§ Problem: Pictures stay out of the copy. Transcribe exactly, and only, the line with "Next VINTAGE - REGULAR" through the last line of the entries below.

§ Records for this task:
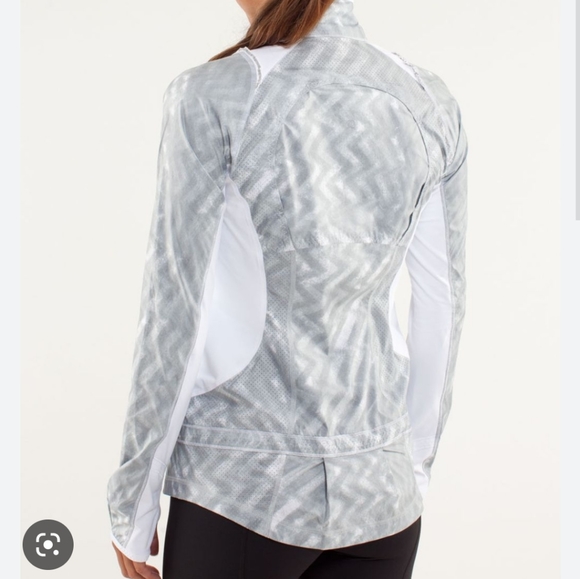 Lululemon Run: Nothin' But Run Jacket -Blaze size 10 - Picture 3 of 5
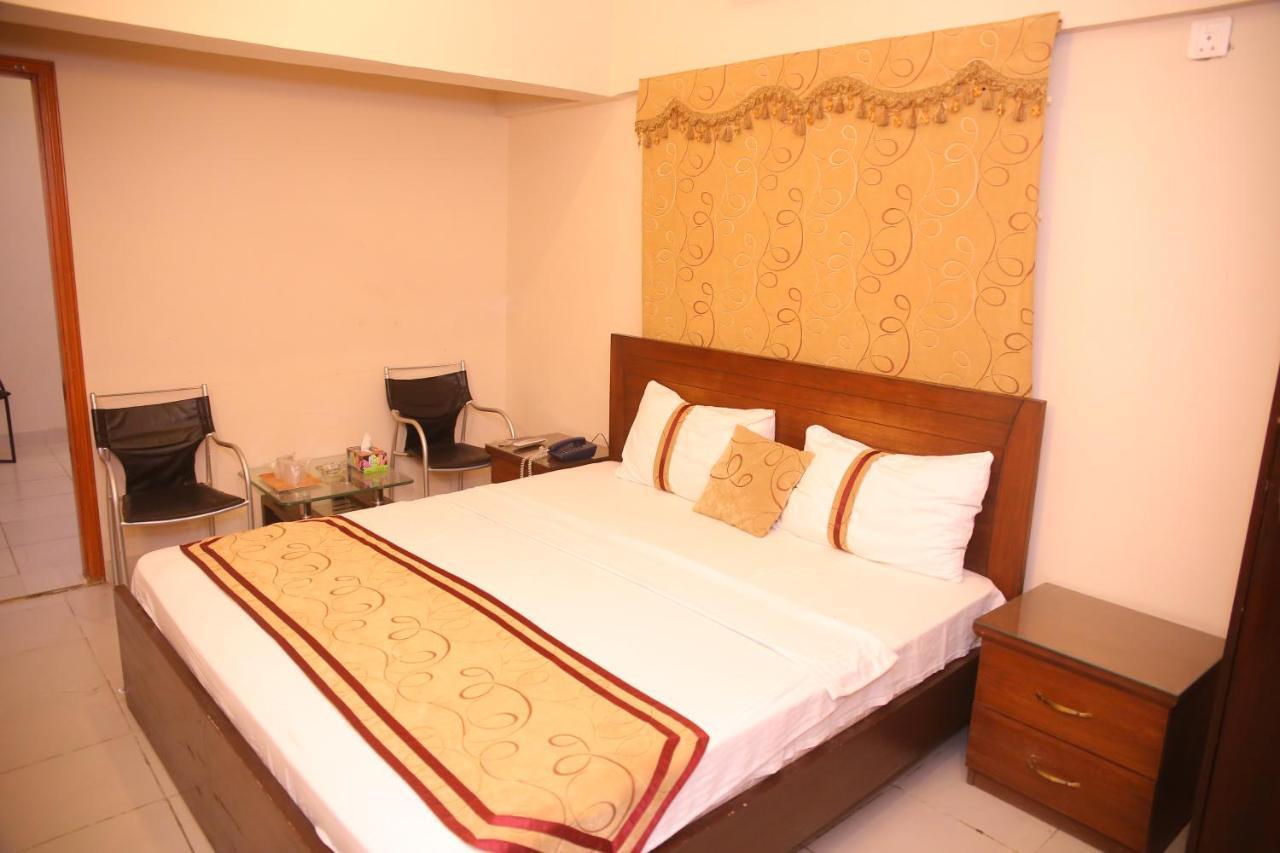 קראצ'י Royal Inn Hotel מראה חיצוני תמונה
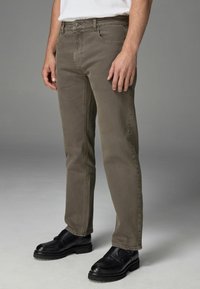Next VINTAGE - REGULAR FIT - Straight leg jeans - dark khaki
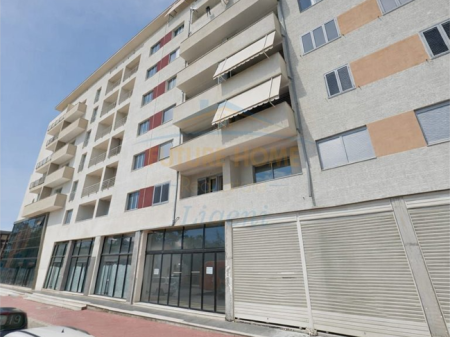 Shitet, Apartament 2+1, Kinostudio, Tiranë LI67425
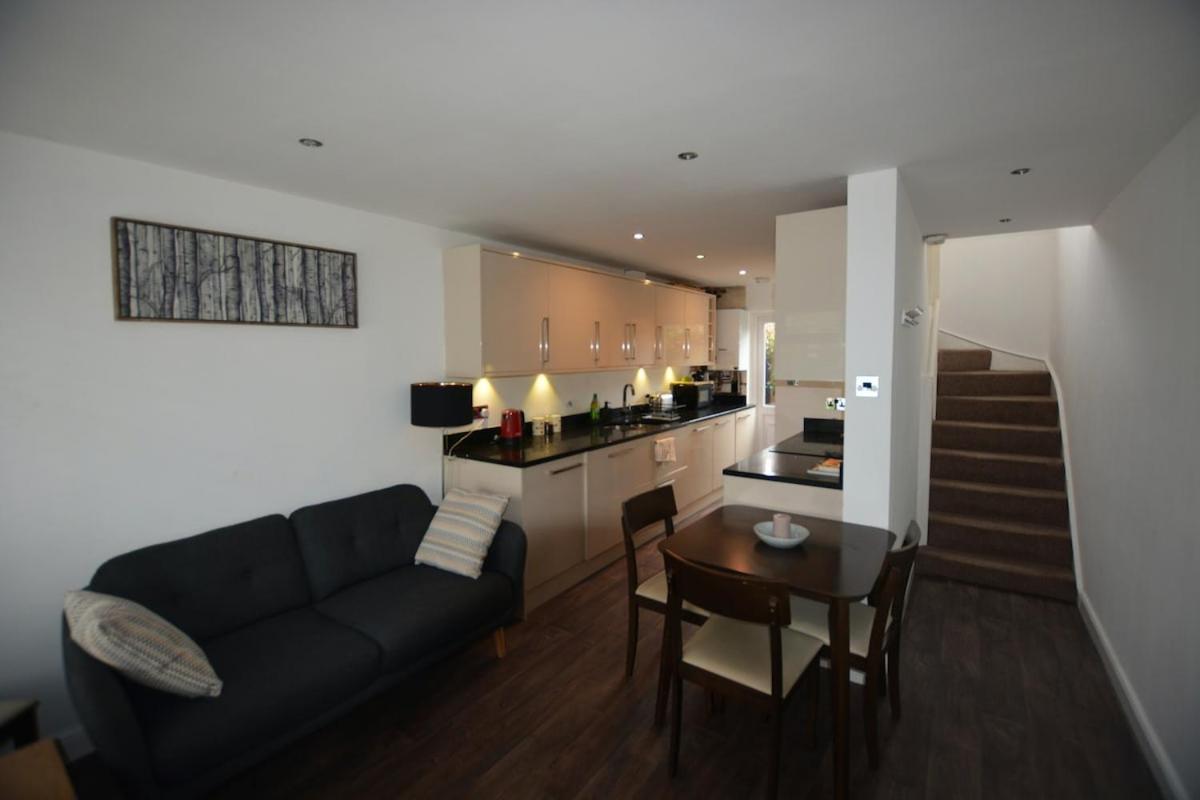 3 Bed Home, Free Parking & Self Check In Apartment *
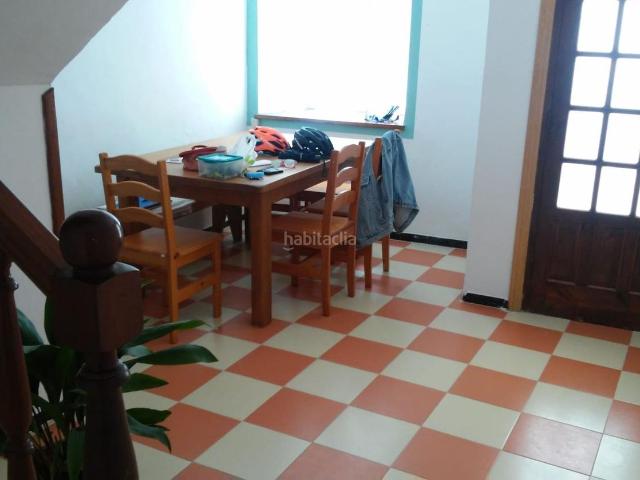 Casa adosada en venta en Castropol. Casa de 140 m2 con 4 dormitorios en el centro de Figueras Castropol. Casas adosadas.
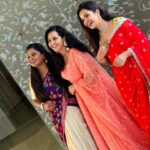 Lasya Manjunath Instagram - Having a sister is like having a best friend you can’t get rid of. ... . . . Oufits - @pari.designers_
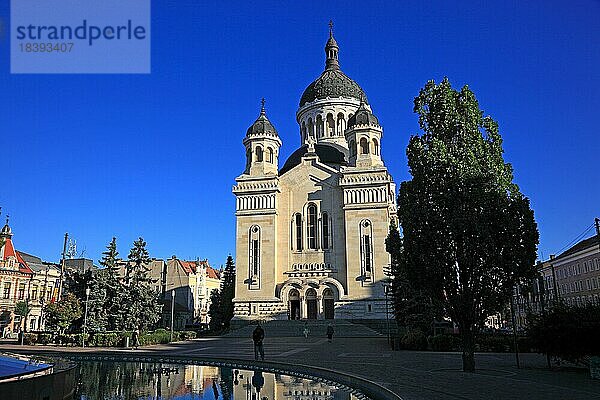 Orthodoxe Kathedrale an der Piata Avram Iancu in Cluj  Siebenbürgen  Rumänien  Europa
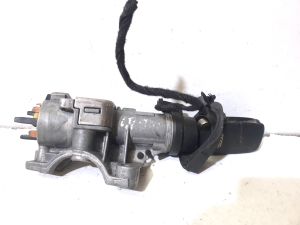 AUDI A4 B6 (2000–2005) Süütelukk 4B0905851G - 3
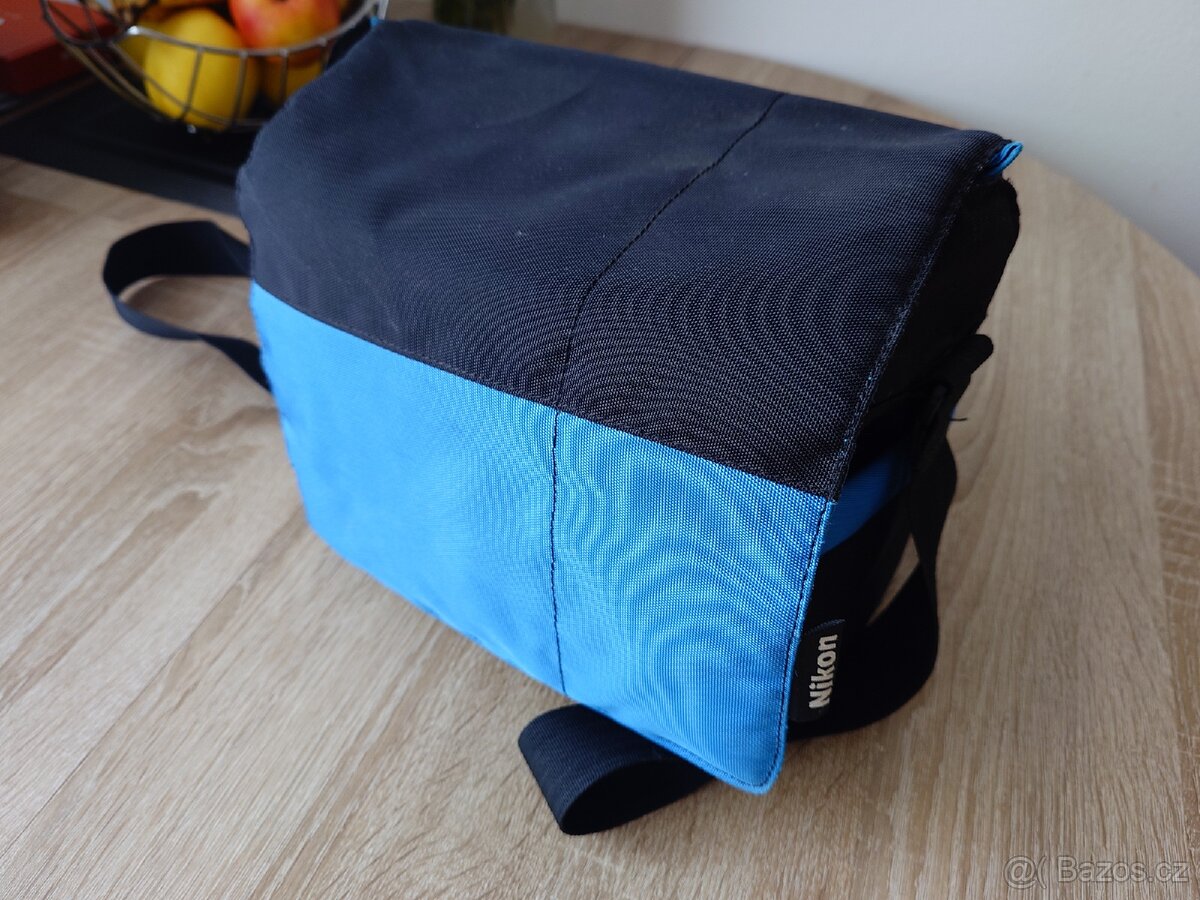 Nikon D7000+ Nikon 75-300+ příslušenství - 8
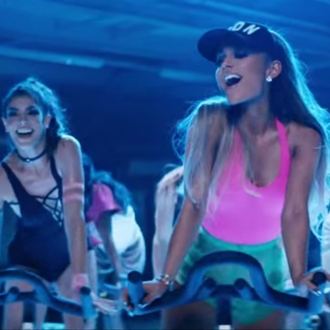 Ariana Grande o cuando anuncian que quedan 5 minutos para que acabe la clase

§ Result of the task:
Next VINTAGE - REGULAR FIT - Straight leg jeans - dark khaki
 Shitet, Apartament 2+1, Kinostudio, Tiranë LI67425
 3 Bed Home, Free Parking & Self Check In Apartment *
 Casa adosada en venta en Castropol. Casa de 140 m2 con 4 dormitorios en el centro de Figueras Castropol. Casas adosadas.
 Lasya Manjunath Instagram - Having a sister is like having a best friend you can’t get rid of. ... . . . Oufits - @pari.designers_
 Orthodoxe Kathedrale an der Piata Avram Iancu in Cluj  Siebenbürgen  Rumänien  Europa
 AUDI A4 B6 (2000–2005) Süütelukk 4B0905851G - 3
 Nikon D7000+ Nikon 75-300+ příslušenství - 8
 Ariana Grande o cuando anuncian que quedan 5 minutos para que acabe la clase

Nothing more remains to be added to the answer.